Wydaje mi się jednak, że stawianie oceny niedostatecznej dziecku, które się tak starało, pracowało i dało z siebie wszystko, jest po prostu krzywdzące. Czy raczej nauczycielka nie powinna wyciągnąć z tak odrobionej pracy jakichś wniosków dla siebie samej? Np. tego, że niewystarczająco wyjaśniła dane zagadnienie? Czy to w ogóle jest zgodne z prawem, żeby stawać jedynki z pracy domowej?".
Co na to przepisy prawa?
Cóż, trzeba przyznać, że stawianie jedynki z pracy domowej, nie jest zgodne z prawem. Można tu powołać się na artykuł 44 ustawy o systemie oświaty. Zgodnie z nim "ocenianiu podlegają (m.in.) osiągnięcia edukacyjne ucznia", a praca domowa nie zalicza się do osiągnięć edukacyjnych... choć może być sposobem na ich sprawdzenie. Uczniowie powinni być jednak o tym poinformowani już na początku roku, a informacja o takiej praktyce powinna znaleźć się również w statucie szkoły.

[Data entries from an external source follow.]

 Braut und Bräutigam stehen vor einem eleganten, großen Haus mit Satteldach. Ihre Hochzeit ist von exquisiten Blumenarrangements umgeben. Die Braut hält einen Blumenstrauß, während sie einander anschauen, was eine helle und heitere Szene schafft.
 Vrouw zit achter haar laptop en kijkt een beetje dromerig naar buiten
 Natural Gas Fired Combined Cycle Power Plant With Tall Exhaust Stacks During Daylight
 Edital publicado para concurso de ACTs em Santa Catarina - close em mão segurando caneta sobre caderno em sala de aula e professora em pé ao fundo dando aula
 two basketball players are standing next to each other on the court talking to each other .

Pod postem znalazło się sporo komentarzy. Oto niektóre z nich:
Okropna nauczycielka. Nauczyciel z powołaniem, który ma serce do dzieci, by tego nie zrobił.

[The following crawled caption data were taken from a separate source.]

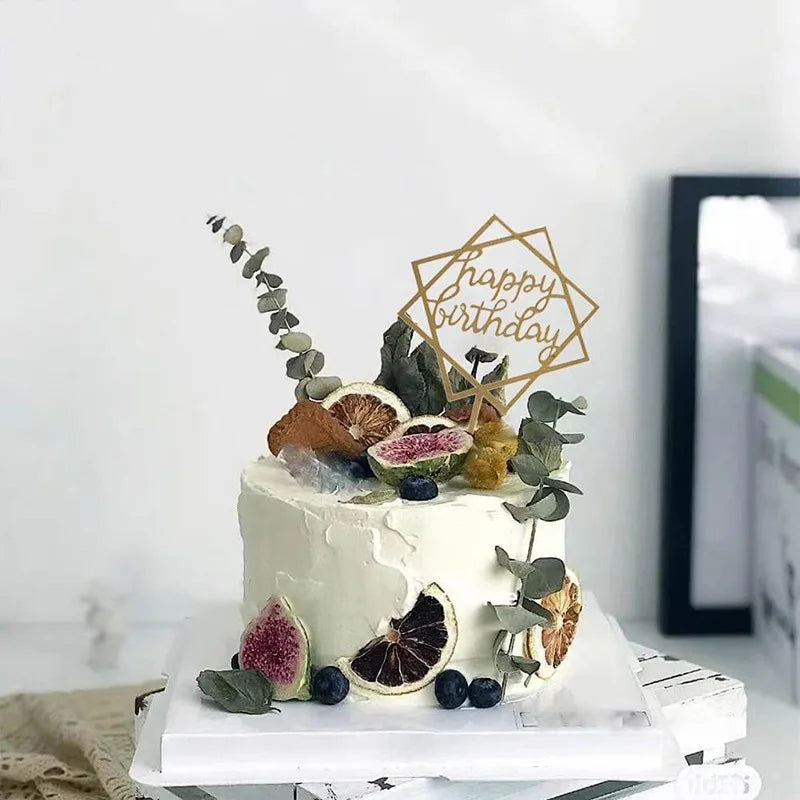 A white cake decorated with green leaves and citrus slices, topped by a gold acrylic birthday sign.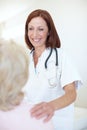 She understands that every patient needs her comforting attention. Friendly mature nurse comforts her elderly patient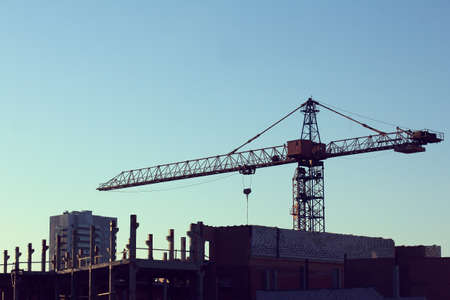 construction crane towers over the construction site in the evening at sunsetの写真素材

To, czy można oceniać pracę domową, zależy od statutu szkoły. Jednak w tym przypadku ocena jest po prostu przykra.
Czy ta ocena ma być jakąś motywacją dla dziecka do dalszej pracy? Nie sądzę.
Niektórzy lubują się w wystawianiu tych pał... A potem dziwią się, że średnia klasy z ich przedmiotu jest taka niska – przecież tak świetnie uczą.
Wydaje się więc, że w sytuacji opisanej przez internautkę, nauczycielka zdecydowanie była zbyt surowa. Jeśli dziecko starało się rozwiązać zadanie i przedstawiło swoje próby, stawianie mu jedynki było po prostu nieludzkie.